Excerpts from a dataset
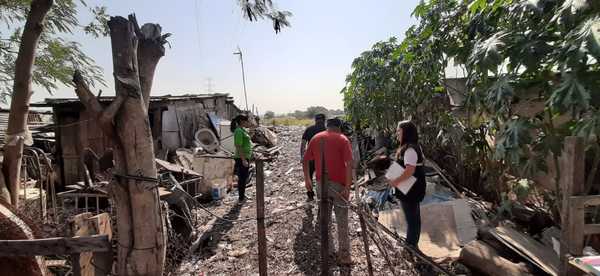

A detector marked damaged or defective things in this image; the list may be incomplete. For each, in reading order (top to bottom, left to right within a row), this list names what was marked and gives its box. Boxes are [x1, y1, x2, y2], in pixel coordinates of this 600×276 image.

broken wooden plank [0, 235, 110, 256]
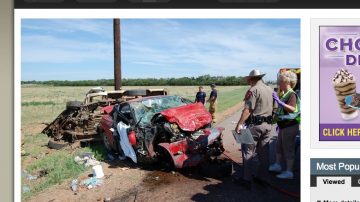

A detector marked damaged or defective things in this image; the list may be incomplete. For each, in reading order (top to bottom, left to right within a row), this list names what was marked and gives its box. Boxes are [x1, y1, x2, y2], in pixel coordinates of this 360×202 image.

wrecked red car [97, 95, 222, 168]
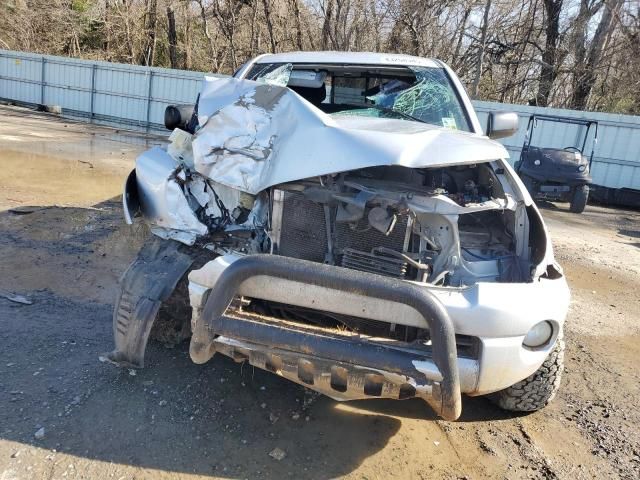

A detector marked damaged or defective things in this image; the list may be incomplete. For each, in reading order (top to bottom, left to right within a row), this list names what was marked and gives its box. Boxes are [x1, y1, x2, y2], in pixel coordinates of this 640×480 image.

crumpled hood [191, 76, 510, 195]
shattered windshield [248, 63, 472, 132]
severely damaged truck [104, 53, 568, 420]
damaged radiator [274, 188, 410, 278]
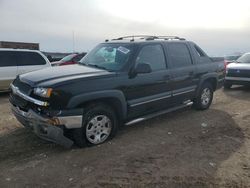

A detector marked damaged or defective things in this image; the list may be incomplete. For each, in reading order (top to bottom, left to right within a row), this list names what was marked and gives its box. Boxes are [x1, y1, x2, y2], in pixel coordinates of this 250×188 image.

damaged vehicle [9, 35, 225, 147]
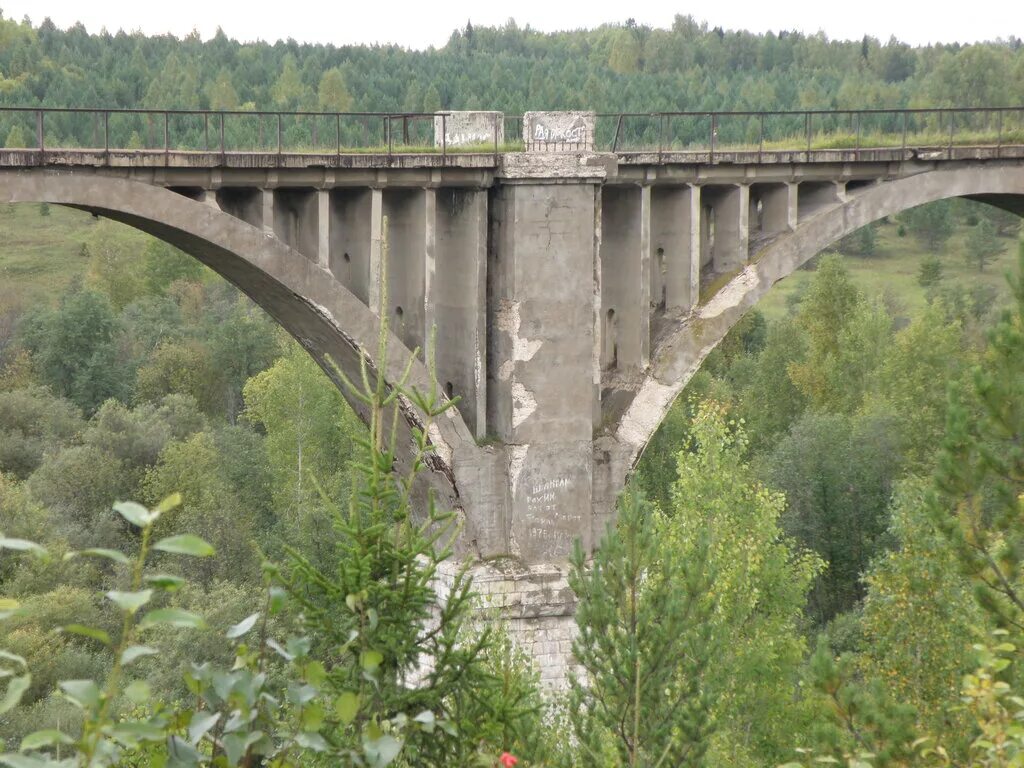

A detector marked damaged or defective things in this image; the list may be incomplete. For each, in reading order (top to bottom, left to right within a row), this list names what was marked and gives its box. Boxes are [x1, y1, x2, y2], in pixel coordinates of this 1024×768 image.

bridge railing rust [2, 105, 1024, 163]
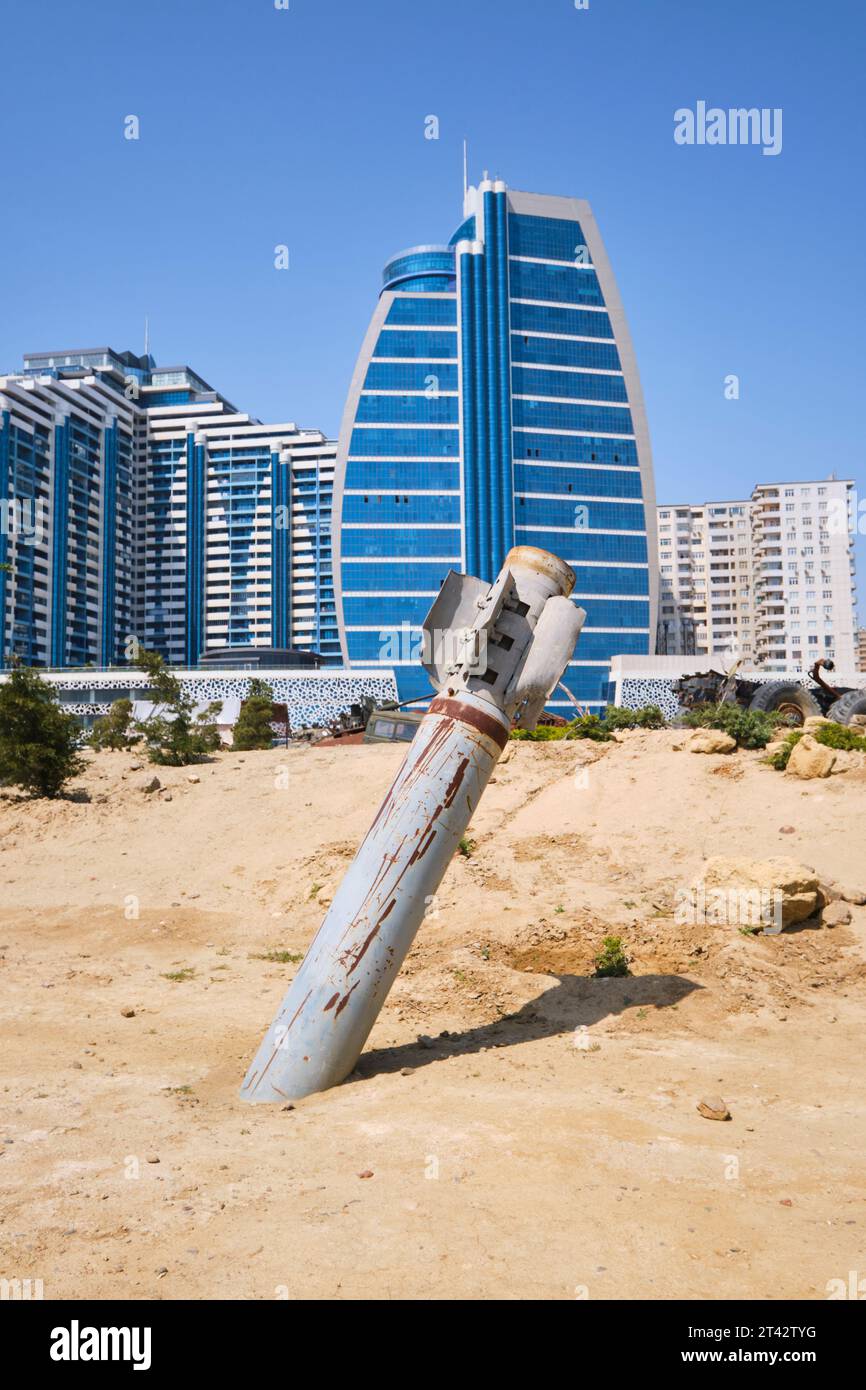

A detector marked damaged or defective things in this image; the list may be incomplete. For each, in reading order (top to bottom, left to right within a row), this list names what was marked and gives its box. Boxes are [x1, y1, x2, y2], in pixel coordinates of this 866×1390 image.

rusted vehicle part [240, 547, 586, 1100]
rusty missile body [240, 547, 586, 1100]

• **About this task**:
Each line above should be set down exactly as written, with pictures excluded.

• **Written answer**:
A detector marked damaged or defective things in this image; the list may be incomplete. For each, in reading order (top to bottom, left to right within a row), this list names what was marked and gives its box. Boxes are [x1, y1, x2, y2], in pixel coordinates of this 600×276 image.

broken wooden plank [0, 235, 110, 256]

A detector marked damaged or defective things in this image; the list may be incomplete. For each, in reading order (top to bottom, left to right within a row), this list names what was marked and gives its box. Boxes are [x1, y1, x2, y2], in pixel coordinates of this 360×202 image.

wrecked red car [97, 95, 222, 168]

A detector marked damaged or defective things in this image; the list may be incomplete. For each, in reading order (top to bottom, left to right within a row), this list names what was marked and gives its box. Boxes are [x1, y1, x2, y2], in pixel coordinates of this 640×480 image.

crumpled hood [191, 76, 510, 195]
shattered windshield [248, 63, 472, 132]
severely damaged truck [104, 53, 568, 420]
damaged radiator [274, 188, 410, 278]

A detector marked damaged or defective things in this image; the list may be incomplete. For each, in reading order (top to bottom, left to right within a row), this list names what was marked and gives its box. Boxes are [x1, y1, x2, y2], in pixel coordinates of this 250×188 image.

damaged vehicle [9, 35, 225, 147]

A detector marked damaged or defective things in this image; the list may be incomplete. For each, in reading order (top to bottom, left to right within a row), this list names what was marked and gives its box. Boxes are [x1, y1, x2, y2], in pixel coordinates of this 1024×768 image.

bridge railing rust [2, 105, 1024, 163]

A detector marked damaged or defective things in this image; the list may be incomplete. For each, in reading order (top to bottom, left to right within a row), this list names what was marked and gives its box. Boxes are [x1, y1, x2, y2], in pixel coordinates of this 866×1390 image.

rusted vehicle part [240, 547, 586, 1100]
rusty missile body [240, 547, 586, 1100]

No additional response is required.